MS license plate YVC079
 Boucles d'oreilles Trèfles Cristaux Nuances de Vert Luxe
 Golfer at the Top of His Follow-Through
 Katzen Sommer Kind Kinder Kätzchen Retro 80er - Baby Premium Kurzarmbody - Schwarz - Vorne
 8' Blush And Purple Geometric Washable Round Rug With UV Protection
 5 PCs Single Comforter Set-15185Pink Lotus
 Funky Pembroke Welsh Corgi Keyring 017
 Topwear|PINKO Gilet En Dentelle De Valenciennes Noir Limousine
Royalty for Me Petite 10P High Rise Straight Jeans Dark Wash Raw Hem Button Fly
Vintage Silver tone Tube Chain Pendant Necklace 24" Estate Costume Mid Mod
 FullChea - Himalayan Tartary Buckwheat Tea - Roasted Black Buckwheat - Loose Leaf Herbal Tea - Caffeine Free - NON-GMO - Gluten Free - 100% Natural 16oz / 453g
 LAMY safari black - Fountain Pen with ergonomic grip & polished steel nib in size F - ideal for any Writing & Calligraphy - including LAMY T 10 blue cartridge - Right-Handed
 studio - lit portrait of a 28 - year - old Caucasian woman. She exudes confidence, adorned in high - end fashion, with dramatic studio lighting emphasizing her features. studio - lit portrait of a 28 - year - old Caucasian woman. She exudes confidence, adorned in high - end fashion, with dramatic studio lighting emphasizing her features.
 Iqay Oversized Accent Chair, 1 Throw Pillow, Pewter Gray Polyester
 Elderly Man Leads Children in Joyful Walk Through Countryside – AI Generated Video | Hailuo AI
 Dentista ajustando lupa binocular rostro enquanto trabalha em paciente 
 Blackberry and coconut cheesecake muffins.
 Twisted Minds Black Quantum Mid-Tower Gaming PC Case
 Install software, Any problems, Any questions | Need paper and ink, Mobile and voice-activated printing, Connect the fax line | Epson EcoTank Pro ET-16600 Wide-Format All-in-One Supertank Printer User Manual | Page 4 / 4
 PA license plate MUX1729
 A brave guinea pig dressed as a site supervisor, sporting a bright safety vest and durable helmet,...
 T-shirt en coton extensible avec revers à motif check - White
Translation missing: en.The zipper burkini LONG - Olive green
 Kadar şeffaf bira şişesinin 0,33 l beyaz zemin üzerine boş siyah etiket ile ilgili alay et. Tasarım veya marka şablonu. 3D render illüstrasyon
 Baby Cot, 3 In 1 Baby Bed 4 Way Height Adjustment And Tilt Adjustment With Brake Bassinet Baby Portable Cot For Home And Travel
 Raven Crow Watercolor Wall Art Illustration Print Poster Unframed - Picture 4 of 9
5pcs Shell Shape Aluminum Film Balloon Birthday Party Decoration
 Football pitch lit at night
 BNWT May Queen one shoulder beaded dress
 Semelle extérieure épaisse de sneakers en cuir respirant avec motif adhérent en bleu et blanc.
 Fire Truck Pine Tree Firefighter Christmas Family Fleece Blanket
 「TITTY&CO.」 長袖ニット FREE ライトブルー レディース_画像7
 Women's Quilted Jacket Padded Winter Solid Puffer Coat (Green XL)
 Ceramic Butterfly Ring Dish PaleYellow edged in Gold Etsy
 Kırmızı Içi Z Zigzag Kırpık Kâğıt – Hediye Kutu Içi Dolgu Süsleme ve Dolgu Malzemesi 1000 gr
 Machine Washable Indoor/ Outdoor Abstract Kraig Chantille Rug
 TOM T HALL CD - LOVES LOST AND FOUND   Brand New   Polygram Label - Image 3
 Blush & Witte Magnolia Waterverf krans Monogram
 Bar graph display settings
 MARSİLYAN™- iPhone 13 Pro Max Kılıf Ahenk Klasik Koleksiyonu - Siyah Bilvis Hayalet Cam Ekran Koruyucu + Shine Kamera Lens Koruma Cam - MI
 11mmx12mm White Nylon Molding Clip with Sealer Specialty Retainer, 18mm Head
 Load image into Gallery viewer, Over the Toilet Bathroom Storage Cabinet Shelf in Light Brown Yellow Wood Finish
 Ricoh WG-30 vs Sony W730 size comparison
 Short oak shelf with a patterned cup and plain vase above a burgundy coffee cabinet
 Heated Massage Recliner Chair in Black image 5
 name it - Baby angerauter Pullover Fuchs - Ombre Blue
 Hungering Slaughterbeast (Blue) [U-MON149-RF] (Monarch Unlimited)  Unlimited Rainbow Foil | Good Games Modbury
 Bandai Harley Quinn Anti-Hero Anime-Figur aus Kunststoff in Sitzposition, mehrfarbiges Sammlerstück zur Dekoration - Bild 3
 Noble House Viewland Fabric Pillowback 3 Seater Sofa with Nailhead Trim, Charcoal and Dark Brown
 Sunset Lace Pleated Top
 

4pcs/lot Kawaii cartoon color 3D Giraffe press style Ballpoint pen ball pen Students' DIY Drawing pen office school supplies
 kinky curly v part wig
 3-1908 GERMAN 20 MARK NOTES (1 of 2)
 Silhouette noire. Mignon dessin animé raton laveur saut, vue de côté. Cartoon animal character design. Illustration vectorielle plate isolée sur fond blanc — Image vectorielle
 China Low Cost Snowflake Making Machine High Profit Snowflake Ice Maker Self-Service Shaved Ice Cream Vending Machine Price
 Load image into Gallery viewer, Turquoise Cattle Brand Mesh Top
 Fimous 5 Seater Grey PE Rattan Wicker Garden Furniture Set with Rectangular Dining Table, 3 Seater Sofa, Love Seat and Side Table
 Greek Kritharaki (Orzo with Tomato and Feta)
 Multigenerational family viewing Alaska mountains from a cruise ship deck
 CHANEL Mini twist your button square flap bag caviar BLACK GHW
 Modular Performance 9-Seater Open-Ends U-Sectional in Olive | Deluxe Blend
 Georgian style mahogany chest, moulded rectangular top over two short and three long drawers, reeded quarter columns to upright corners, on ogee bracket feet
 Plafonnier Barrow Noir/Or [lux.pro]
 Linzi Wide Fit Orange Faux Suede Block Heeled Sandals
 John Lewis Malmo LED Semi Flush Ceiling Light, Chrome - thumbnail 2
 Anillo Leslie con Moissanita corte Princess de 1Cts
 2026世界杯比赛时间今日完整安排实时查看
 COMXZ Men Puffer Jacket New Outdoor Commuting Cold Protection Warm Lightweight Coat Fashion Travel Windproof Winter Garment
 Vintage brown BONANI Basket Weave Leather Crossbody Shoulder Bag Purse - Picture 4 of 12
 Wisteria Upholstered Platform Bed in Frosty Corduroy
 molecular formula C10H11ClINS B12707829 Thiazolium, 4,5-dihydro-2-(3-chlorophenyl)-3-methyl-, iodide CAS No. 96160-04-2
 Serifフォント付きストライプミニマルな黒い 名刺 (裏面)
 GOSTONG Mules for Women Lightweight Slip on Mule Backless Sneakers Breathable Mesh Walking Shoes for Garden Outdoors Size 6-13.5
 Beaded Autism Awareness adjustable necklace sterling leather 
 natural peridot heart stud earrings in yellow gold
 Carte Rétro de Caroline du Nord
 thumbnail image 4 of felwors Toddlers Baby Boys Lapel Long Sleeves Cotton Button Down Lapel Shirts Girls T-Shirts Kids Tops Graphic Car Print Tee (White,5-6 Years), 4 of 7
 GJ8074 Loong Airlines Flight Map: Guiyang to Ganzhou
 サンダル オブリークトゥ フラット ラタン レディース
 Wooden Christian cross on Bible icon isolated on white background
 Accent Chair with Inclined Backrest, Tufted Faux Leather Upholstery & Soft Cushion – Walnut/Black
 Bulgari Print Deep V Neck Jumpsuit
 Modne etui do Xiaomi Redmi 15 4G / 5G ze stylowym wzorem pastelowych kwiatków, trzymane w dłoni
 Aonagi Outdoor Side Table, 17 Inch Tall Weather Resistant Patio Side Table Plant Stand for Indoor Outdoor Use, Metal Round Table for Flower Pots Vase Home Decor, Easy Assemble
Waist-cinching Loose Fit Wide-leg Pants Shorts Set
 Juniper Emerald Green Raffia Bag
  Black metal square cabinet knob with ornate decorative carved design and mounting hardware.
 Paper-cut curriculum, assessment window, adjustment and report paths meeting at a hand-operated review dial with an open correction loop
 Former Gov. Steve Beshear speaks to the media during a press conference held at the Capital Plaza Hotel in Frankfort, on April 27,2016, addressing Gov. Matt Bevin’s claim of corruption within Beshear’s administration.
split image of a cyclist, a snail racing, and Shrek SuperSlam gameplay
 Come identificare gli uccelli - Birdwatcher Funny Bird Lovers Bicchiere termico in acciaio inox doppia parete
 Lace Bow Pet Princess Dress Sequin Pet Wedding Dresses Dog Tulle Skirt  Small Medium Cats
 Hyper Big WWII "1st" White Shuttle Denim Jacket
——
• [Task goal]:
Scan the records for the string "motif" and show every line that contains it.

• [Answer area]:
 T-shirt en coton extensible avec revers à motif check - White
 Semelle extérieure épaisse de sneakers en cuir respirant avec motif adhérent en bleu et blanc.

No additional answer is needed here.